Arun M. Kumar
Every year, on Mahatma Gandhi’s birth anniversary, I find myself reflecting on the lessons on leadership that are among his legacies.
Those who aspire to lead can learn from Gandhi that the most meaningful goal of leadership is to inspire. Not to demand or command, but to inspire. The leaders most respected for leaving their mark on the world, their countries, or their organizations have been those who have inspired people to act and perform.
What can we learn from Gandhi’s own development as a leader, one whose life and messages have been an enormous source of inspiration worldwide?
To inspire, one must be oneself inspired. Where did Gandhi find his wellsprings of inspiration?
Reading was one source. Gandhi read widely and deeply. Gandhi turned to the Gita, his true introduction to it came when he was in England, from Sir Edwin Arnold’s The Song Celestial. The Gita became his lifelong guide, and its message of duty and selfless action motivated his life. Gandhi read The New Testament and was drawn by the messages in the Sermon on the Mount. Indeed, his life’s mission can well be defined by the beatitudes of that sermon: supporting the poor and the weak, pursuing peace and kindness. He read and corresponded with Leo Tolstoy; they both shared a veneration for Socrates, Buddha and other thoughtful leaders. He found John Ruskin’s book “Unto This Last” to be transformative and translated it into Gujarati. Gandhi’s lessons of Sarvodaya, the welfare of all, came from Ruskin’s philosophy. Gandhi was inspired by the American transcendentalists, particularly Henry David Thoreau and Ralph Waldo Emerson whose writings shaped his concept of self-reliance.

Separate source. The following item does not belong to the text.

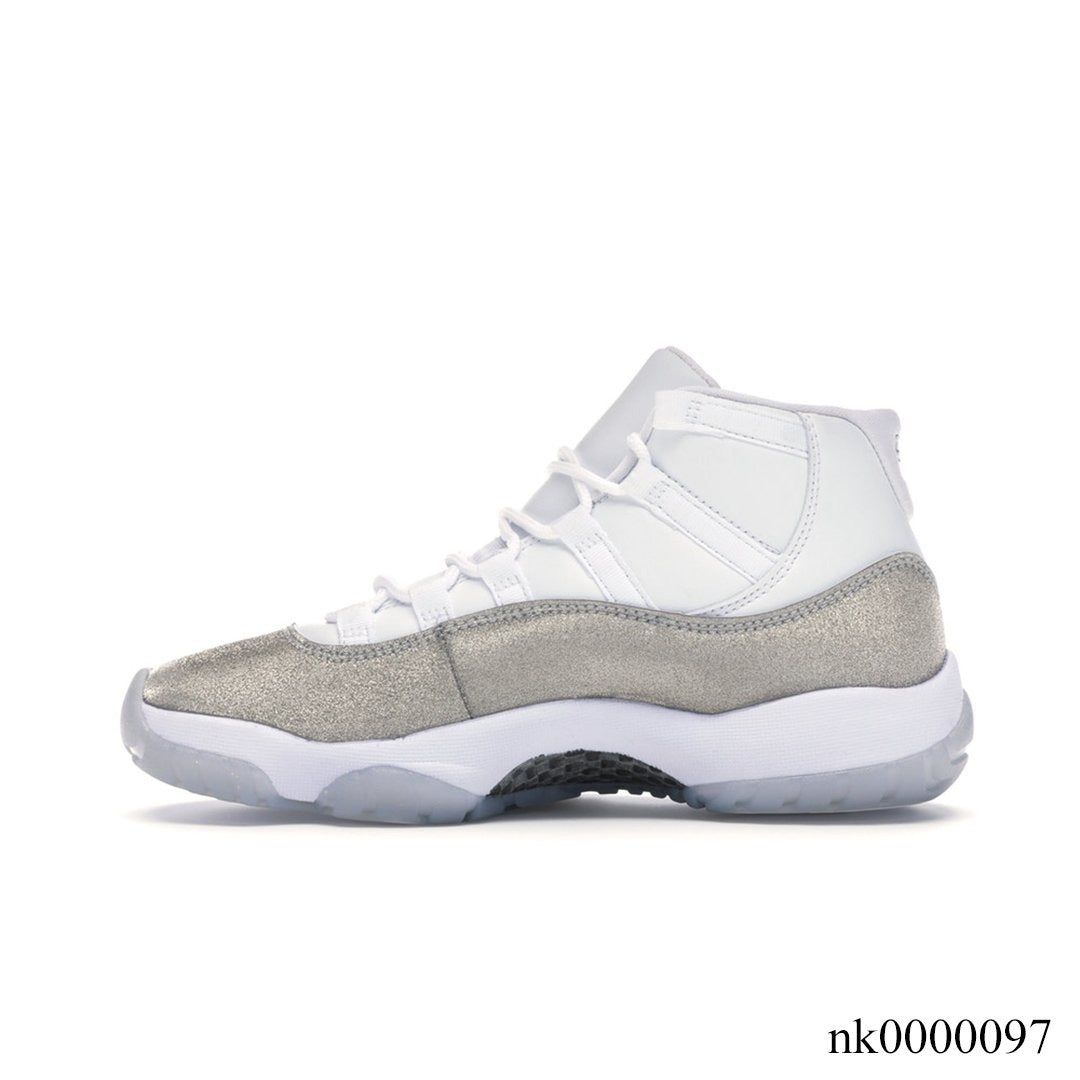 AJ 11 Retro White Metallic Silver (W) Shoes Sneakers - nk0000097 - Image 2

Another source of learning came from interacting with people who were inspiring, some of them became his philosophical mentors. Gandhi famously saw Gopal Krishna Gokhale as his teacher. A less well-known guide to Gandhi was Shrimad Rajchandra, who he referred to as Raychandbhai. A diamond merchant in Bombay, Raychandbhai was also a poet and philosopher. Gandhi would write to him with questions that would be promptly responded to.
Gandhi surrounded himself with people who were themselves inspiring. His collaborators included thoughtful individuals of diverse backgrounds and of high intellect. Just a small sample: Sarojini Naidu the poet, Jawaharlal Nehru who was an extraordinary thinker and writer, Sardar Vallabhbhai who was an accomplished lawyer, and Charlie Andrews, the educator and Christian missionary.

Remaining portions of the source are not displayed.